La présidente : Merci beaucoup. Vous avez traité d’un large éventail d’aspects. J’y vois certes des éléments susceptibles de se retrouver dans notre rapport.
Notre prochain témoin sera M. Gideon Arthurs. Vous avez la parole.
[Français]
Gideon Arthurs, directeur général, École nationale de théâtre du Canada : Merci, madame la présidente, de m’avoir invité à discuter de ce sujet d’une importance cruciale.
[Traduction]
Je me réjouis de constater que notre Sénat prend tout le temps nécessaire pour bien examiner les enjeux liés à la diplomatie culturelle et à nos exportations dans ce contexte.

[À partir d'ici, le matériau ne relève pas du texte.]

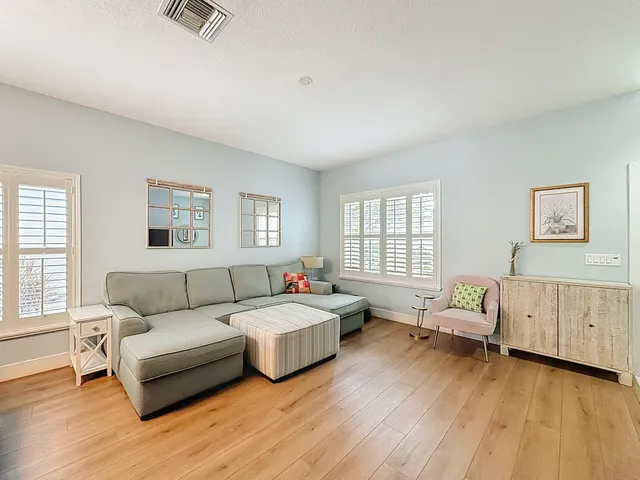 a bathroom with a granite countertop sink and a large mirror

L’École nationale de théâtre du Canada est la principale organisation de notre pays se consacrant à la formation théâtrale. Nous offrons une formation intensément rigoureuse aux jeunes intervenants du milieu théâtral dans les deux langues officielles. Au cours des deux dernières années, nous avons élargi la gamme de nos programmes qui touchent désormais plus de 8 000 personnes, comparativement à 160 auparavant. C’est notamment le résultat de notre Festival de théâtre de l’école nationale de théâtre, autrefois connu sous le nom de Festival de théâtre Sears.
[Français]
L’École nationale de théâtre du Canada a été fondée en 1960 pour servir une communauté des arts de la scène qui n’avait pas encore trouvé son identité propre. Nos artistes partaient pour Londres ou se formaient à Paris et revenaient pour reproduire le théâtre européen au Canada. Six décennies plus tard, nous n’avons plus besoin de débattre de la légitimité du théâtre canadien et québécois. Aujourd’hui, ce secteur jouit d’une reconnaissance internationale.
[Traduction]
Je le mentionne non seulement pour mettre en lumière l’évolution de notre secteur, mais aussi pour montrer à quel point c’est un juste retour des choses, par rapport à un passé pas si lointain, que nous soyons en train de discuter en 2018 de la façon dont ce secteur singulièrement canadien en plein épanouissement peut travailler dans le sens des intérêts et des objectifs de notre pays à l’échelle internationale.
[Français]
Puisque mes collègues vous auront déjà présenté de nombreux argumentaires en tant que diffuseurs ou producteurs, je concentrerai mes commentaires sur le rôle des établissements de formation dans cette conversation.
[Traduction]
J’espère notamment vous offrir un aperçu très clair de la chaîne de production à mettre en place pour créer des œuvres de calibre international dans le domaine des arts de la scène.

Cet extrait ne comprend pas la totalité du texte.